[THE DATA]

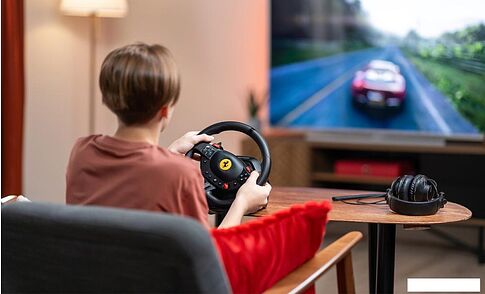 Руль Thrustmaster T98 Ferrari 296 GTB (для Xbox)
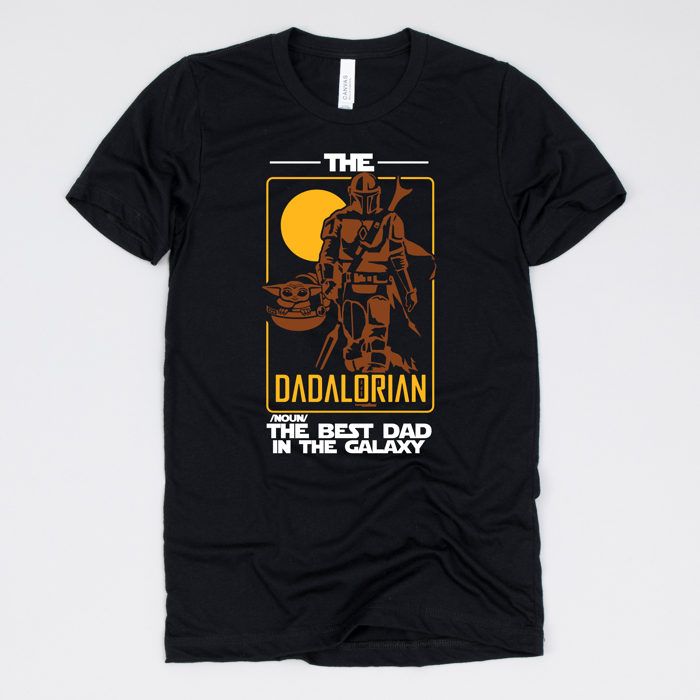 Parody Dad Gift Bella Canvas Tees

[/THE DATA]
[THE DATA]

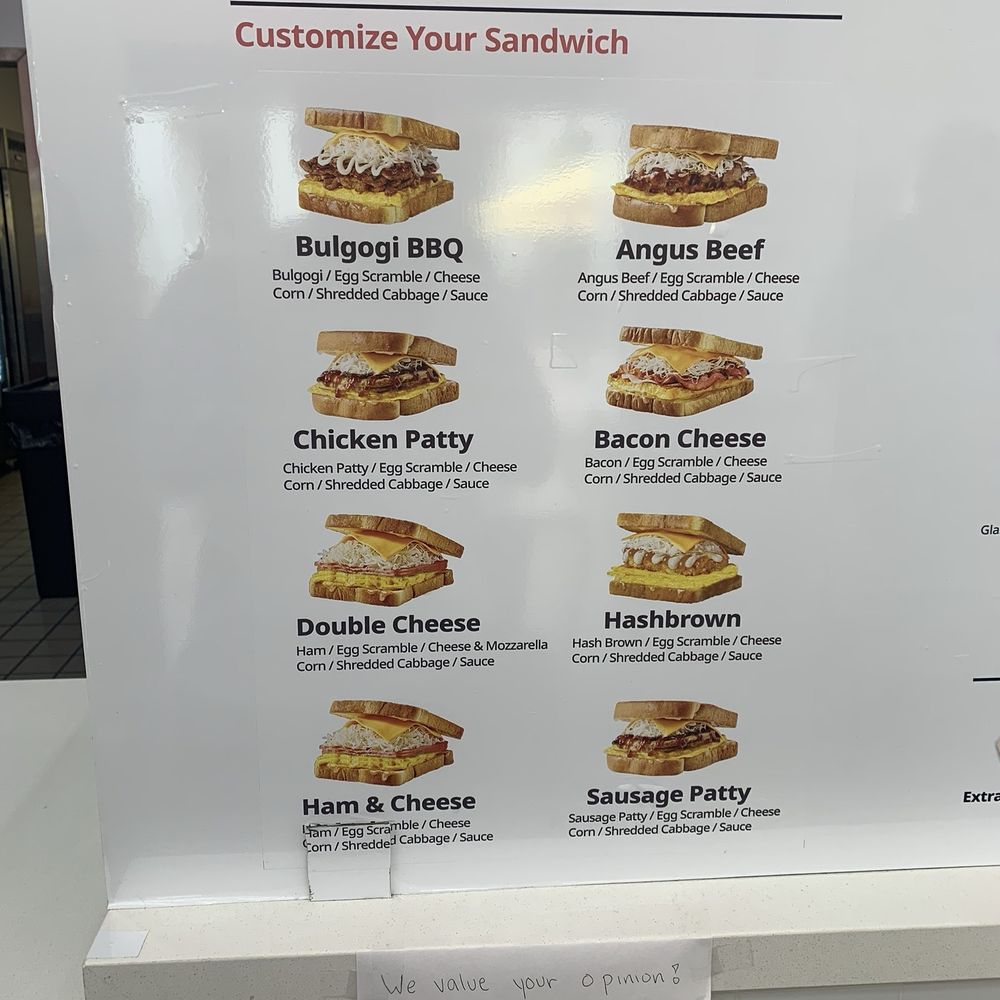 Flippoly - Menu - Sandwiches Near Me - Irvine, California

[/THE DATA]

_WORK ITEM_:
Using the records above, return verbatim only the part that opens with the line containing "Руль Thrustmaster T98" and closes with the line containing "Parody Dad Gift Bella Canvas Tees"; pictures stay out.

_WRITTEN REPLY_:
 Руль Thrustmaster T98 Ferrari 296 GTB (для Xbox)
 Parody Dad Gift Bella Canvas Tees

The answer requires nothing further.